| Exercise aim |
After locating the line with "Women Plus Size" in the entries below, output it and each following line up to and including the line with "Robe longue bustier Balina à jupe fluide", exactly and without pictures.

| Recorded data |
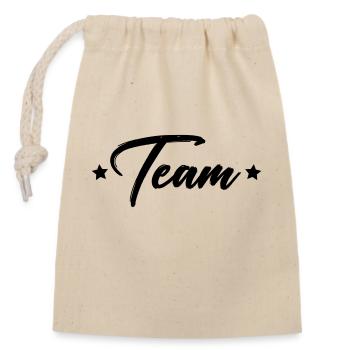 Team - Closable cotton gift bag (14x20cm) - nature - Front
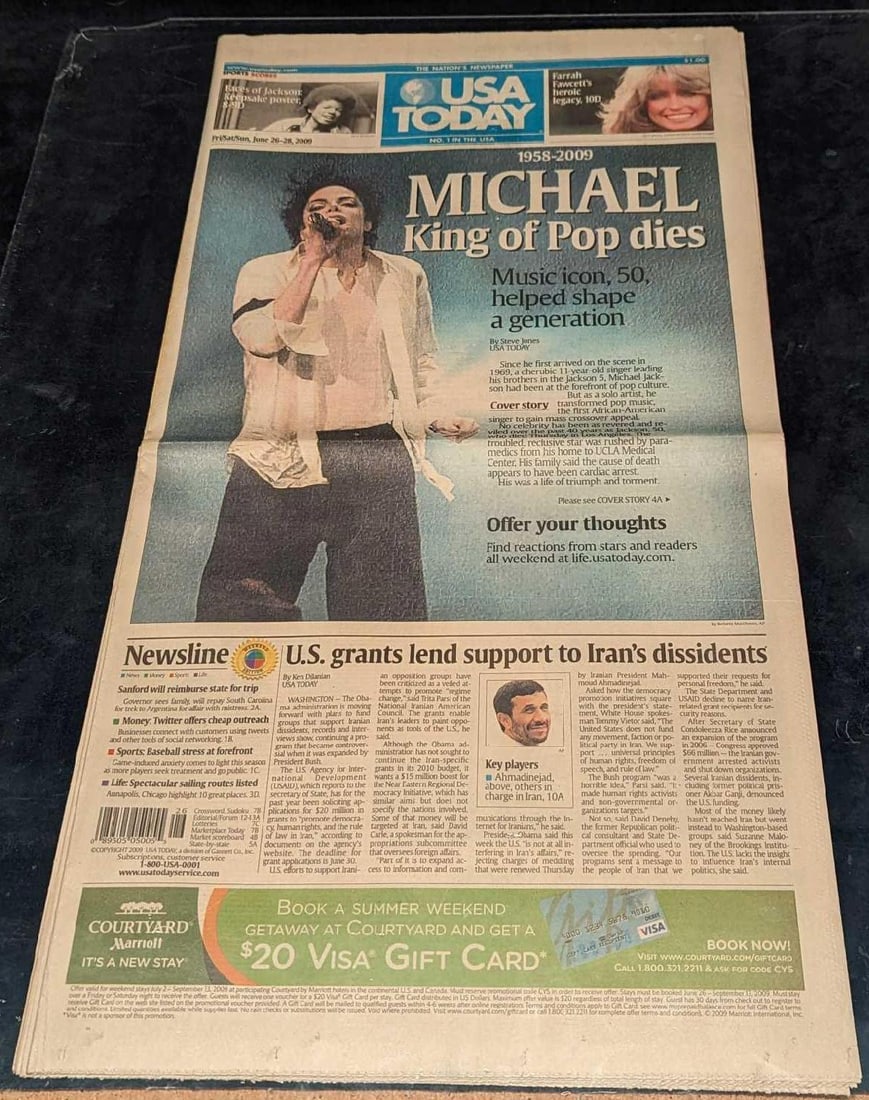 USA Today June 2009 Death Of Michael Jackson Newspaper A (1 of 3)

--

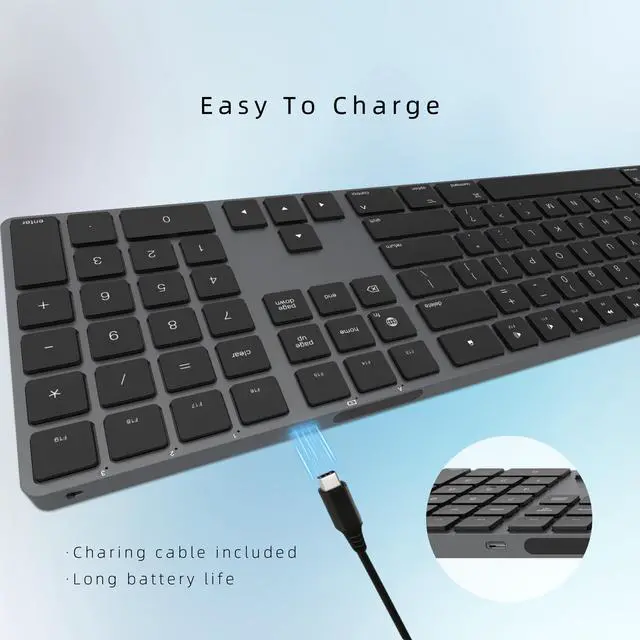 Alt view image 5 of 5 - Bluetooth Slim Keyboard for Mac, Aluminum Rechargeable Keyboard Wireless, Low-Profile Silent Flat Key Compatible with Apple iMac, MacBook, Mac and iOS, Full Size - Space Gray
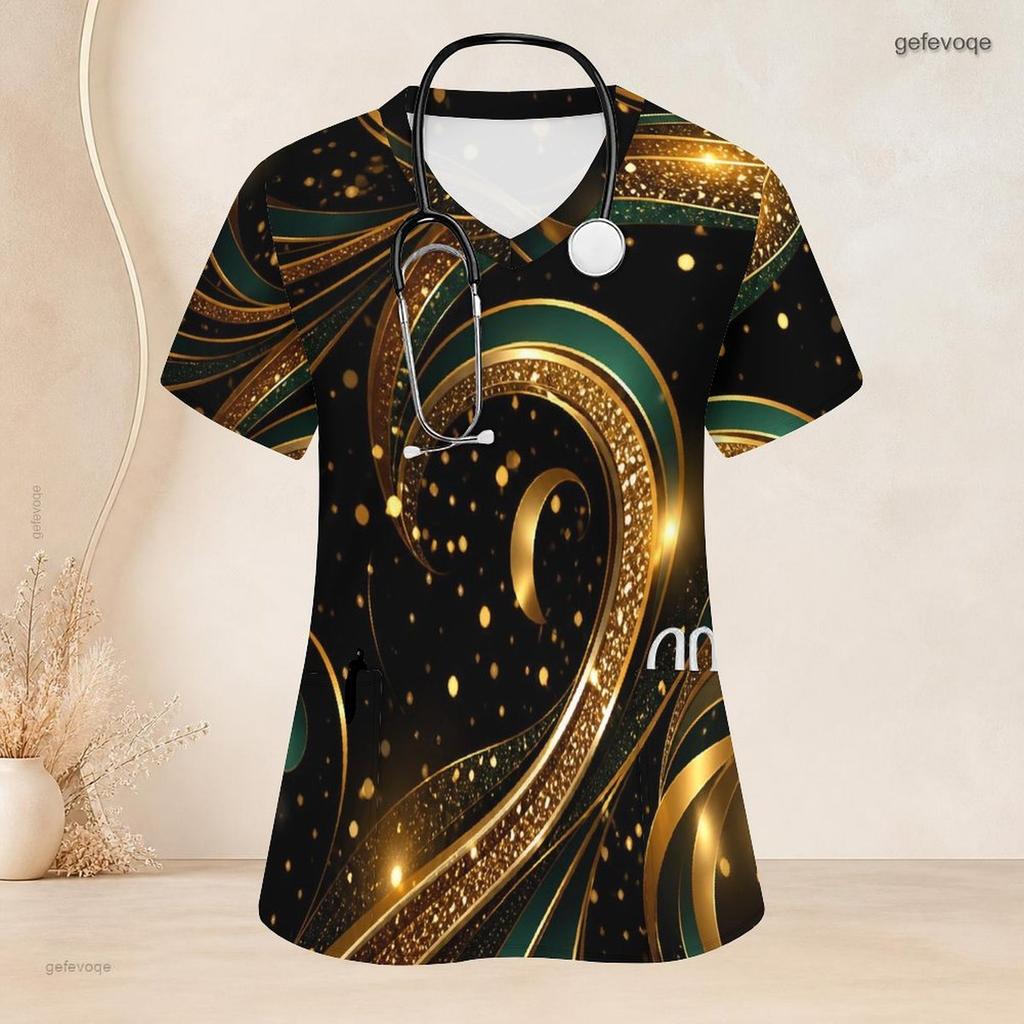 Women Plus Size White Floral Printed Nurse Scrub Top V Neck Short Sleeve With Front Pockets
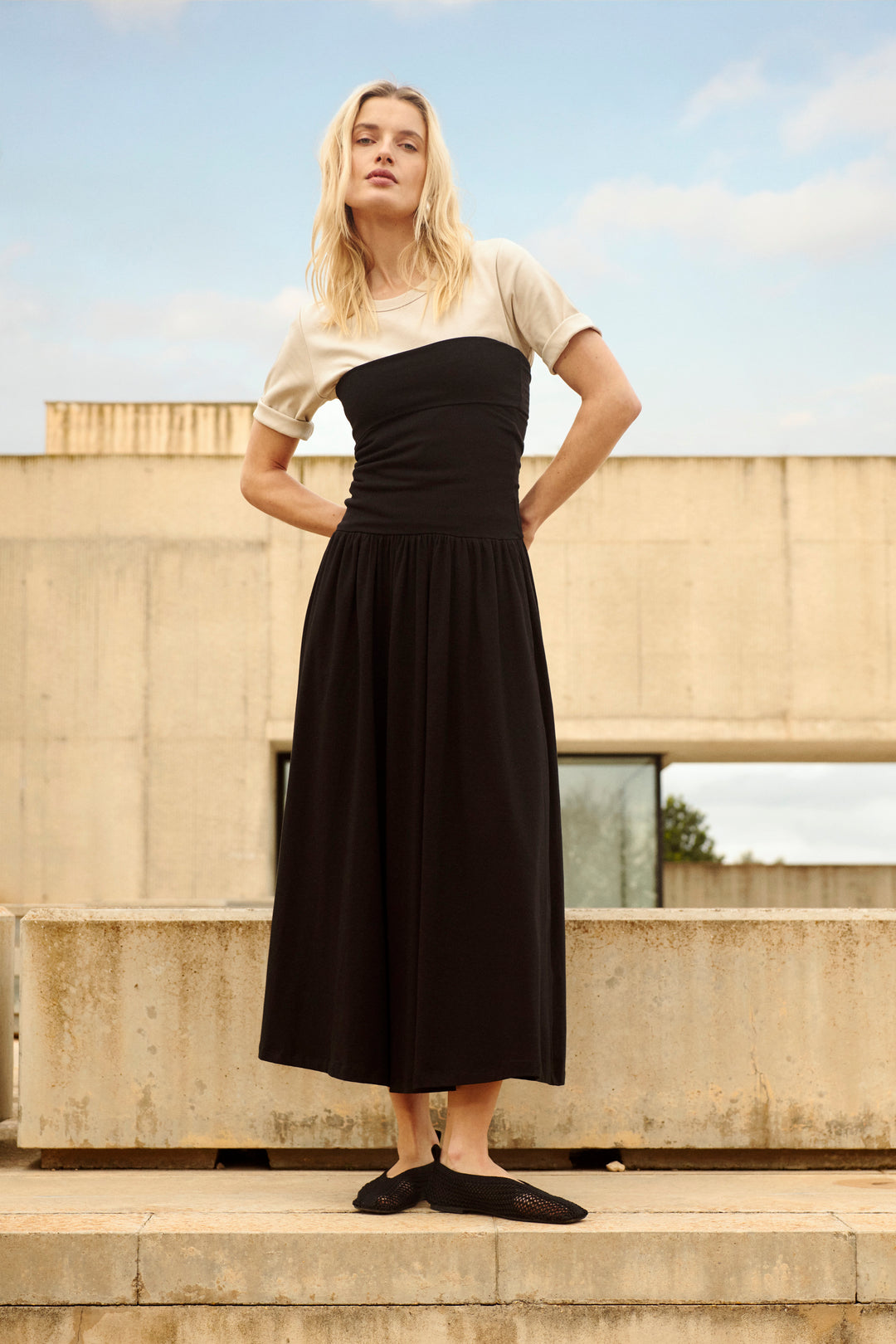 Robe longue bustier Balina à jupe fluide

| Task answer |
 Women Plus Size White Floral Printed Nurse Scrub Top V Neck Short Sleeve With Front Pockets
 Robe longue bustier Balina à jupe fluide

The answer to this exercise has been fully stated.